COLM data by YCharts

This outperformance is notable because retailers and apparel makers have experienced two recessions over the last decade. There was the broader economic slowdown in 2008/2009, and then starting around 2015, the retail industry struggled as consumers started watching their purse strings.

Despite sluggish industrywide growth, Columbia has continued to perform well on the top and bottom line, and investors have taken notice. Let's take a closer look to find out if the stock is a buy in spite of its epic run.

A man hiking in the mountains.


Family run

One thing that stands out about Columbia is that it's essentially a family run business that just happens to be publicly traded.

Columbia was founded by the Boyle family in 1938 after they fled Nazi Germany and found a new home in Portland, Oregon. After some tough times in the early years, the family wisely turned down an offer to buyout Columbia for $1,400. All officers and directors of the company own 57% of the shares. CEO Tim Boyle owns 36% and Chairman Gert Boyle owns 14%.

Under its three primary brands -- Columbia, Sorel, and prAna -- the company today generates over $2 billion in annual sales and has seen steady growth on the top and bottom line.

The Columbia brand is the largest of the three with roughly $2 billion in trailing 12-month sales. With the slow industry sales trends over the last few years, Columbia segment sales increased just 4% in 2017. But things have started heating up this year as consumer spending has strengthened.

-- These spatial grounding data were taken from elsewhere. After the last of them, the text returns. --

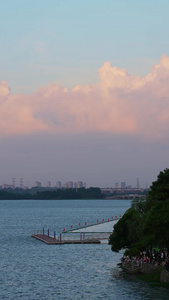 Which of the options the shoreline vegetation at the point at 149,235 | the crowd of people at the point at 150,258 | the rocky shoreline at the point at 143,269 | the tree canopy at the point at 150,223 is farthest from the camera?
the crowd of people at the point at 150,258

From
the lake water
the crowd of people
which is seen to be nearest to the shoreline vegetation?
the crowd of people

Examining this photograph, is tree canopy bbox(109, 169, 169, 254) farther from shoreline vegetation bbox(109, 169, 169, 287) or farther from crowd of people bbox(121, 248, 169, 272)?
crowd of people bbox(121, 248, 169, 272)

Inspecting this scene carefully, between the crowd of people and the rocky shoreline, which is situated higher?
the crowd of people

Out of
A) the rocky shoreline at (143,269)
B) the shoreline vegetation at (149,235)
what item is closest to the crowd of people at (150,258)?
the shoreline vegetation at (149,235)

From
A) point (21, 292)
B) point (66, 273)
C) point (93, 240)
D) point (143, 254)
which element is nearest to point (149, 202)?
point (143, 254)

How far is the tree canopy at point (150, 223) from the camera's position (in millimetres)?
63934

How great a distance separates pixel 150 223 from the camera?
6425 centimetres

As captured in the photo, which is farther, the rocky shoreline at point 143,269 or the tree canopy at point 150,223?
the rocky shoreline at point 143,269

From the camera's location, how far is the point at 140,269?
7731 centimetres

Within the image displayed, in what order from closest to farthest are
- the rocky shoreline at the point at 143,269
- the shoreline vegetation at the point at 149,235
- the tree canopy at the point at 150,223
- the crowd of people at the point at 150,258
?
the tree canopy at the point at 150,223 → the shoreline vegetation at the point at 149,235 → the rocky shoreline at the point at 143,269 → the crowd of people at the point at 150,258

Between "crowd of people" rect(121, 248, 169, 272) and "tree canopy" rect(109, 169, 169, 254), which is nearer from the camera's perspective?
"tree canopy" rect(109, 169, 169, 254)

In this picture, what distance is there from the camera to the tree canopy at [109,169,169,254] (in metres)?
63.9

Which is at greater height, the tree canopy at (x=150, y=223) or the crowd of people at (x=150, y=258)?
the tree canopy at (x=150, y=223)

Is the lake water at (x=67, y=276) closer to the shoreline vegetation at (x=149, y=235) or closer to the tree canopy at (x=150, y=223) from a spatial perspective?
the shoreline vegetation at (x=149, y=235) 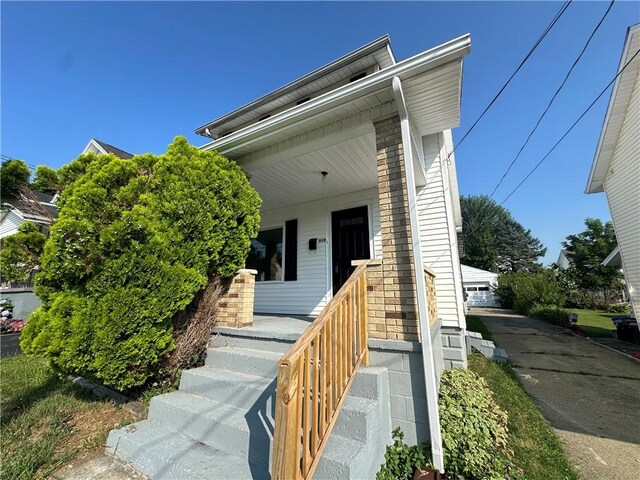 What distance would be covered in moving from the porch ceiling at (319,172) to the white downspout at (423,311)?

Metric TTM Through Q2 2018 2017 2016 2015 2014 2013
Sales $2,597 $2,466 $2,377 $2,326 $2,101 $1,685
Earnings per share *$3.51 *$2.98 $2.72 $2.45 $1.94 $1.36

Data source: Columbia Sportswear. Amounts in millions except per share data. TTM = Trailing 12 month. *TTM and 2017 earnings per share is non-GAAP.

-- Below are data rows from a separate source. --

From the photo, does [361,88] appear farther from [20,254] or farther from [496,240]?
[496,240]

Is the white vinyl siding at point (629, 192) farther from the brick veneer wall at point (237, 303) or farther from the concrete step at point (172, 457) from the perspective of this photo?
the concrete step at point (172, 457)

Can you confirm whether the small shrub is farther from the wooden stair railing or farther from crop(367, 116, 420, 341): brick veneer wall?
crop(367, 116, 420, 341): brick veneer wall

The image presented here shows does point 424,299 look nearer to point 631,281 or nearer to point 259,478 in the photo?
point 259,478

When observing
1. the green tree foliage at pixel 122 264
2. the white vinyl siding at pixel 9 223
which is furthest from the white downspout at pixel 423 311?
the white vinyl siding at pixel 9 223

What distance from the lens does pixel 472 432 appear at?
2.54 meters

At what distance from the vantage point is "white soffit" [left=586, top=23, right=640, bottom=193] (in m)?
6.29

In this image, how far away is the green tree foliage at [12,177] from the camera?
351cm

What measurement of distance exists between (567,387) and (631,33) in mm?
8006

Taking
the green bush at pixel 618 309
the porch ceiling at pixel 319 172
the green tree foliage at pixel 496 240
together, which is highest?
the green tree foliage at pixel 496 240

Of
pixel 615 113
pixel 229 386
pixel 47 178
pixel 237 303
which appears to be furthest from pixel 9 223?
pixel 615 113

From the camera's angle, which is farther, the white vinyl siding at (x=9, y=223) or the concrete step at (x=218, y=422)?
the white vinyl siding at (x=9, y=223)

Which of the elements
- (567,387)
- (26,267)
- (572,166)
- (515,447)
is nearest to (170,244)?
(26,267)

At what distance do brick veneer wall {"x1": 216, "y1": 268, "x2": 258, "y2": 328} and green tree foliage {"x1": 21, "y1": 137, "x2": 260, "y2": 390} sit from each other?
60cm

For the first half of the year, total net sales surged 16% year over year. The company has seen success with its PFG footwear, as well as new innovations like its Omni-shade sun deflector cooling technology. Columbia has also seen strong demand over the last two years for its Star Wars branded apparel, which sold out within minutes online this past December.

But the true sign of how well things are going right now for the company? Columbia reported its first second-quarter profit since 2007 -- significant since its typically the lowest volume quarter of the year for the business. Profitability has improved thanks to margin expansion, with gross margin up 190 basis points to 48.5% this year, and operating margin nearly doubling year over year to 6.3%.

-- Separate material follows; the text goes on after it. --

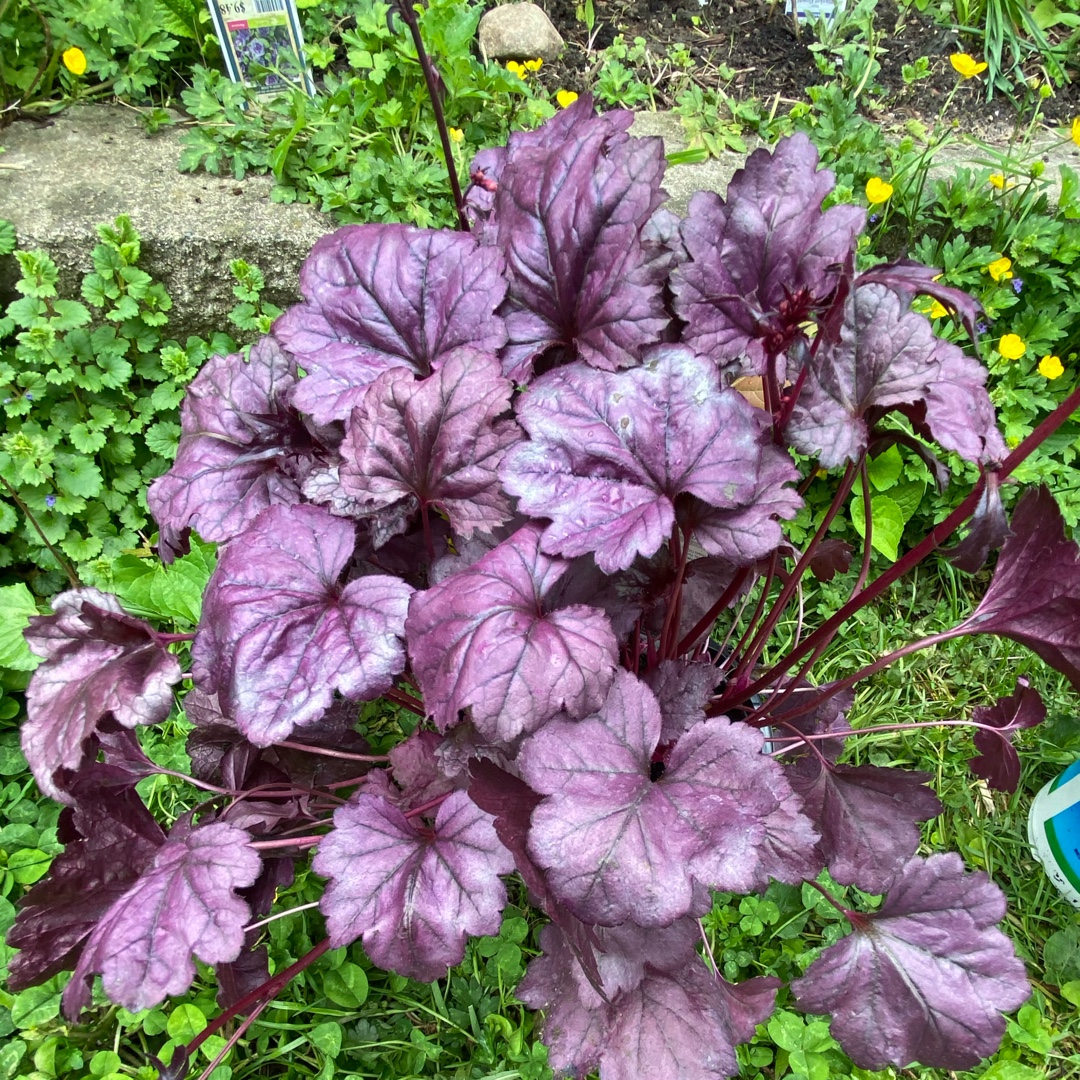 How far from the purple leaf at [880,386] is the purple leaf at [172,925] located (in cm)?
91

These margin improvements have powered a 120% year over year increase in earnings per share. Management attributes these gains to "clean" inventory levels which has driven a higher mix of full priced sales.

Is the stock a buy?

Columbia has historically been a fairly consistent performer. Other than a few hiccups around economic slowdowns, such as 2008, the company regularly grows sales and profits every year. Management has accomplished this while carrying very little or no debt.

I think the company's success comes down to two things: 1) the high ownership stake of the Boyle family, which helps them run the business for long term shareholders as opposed to Wall Street's nearsightedness, and 2) the health of the activewear market, which has steadily grown at a mid single-digit rate over the last decade.

Both of those seem here to stay, so there's really nothing to not like about Columbia as an investment. The problem for investors right now is that the stock seems to have shot out of a cannon lately. Its up 40% over the last year, which has pushed its forward P/E ratio to a relatively high 25 times management's earnings guidance for 2018. This earnings multiple is way above its historic average of about 20 times earnings.

Investors should be wary to buy the stock at these levels. While Columbia is performing well, management's 2018 guidance calls for about 15% earnings growth and high single digit sales growth over 2017. That seems a little low given the company's valuation.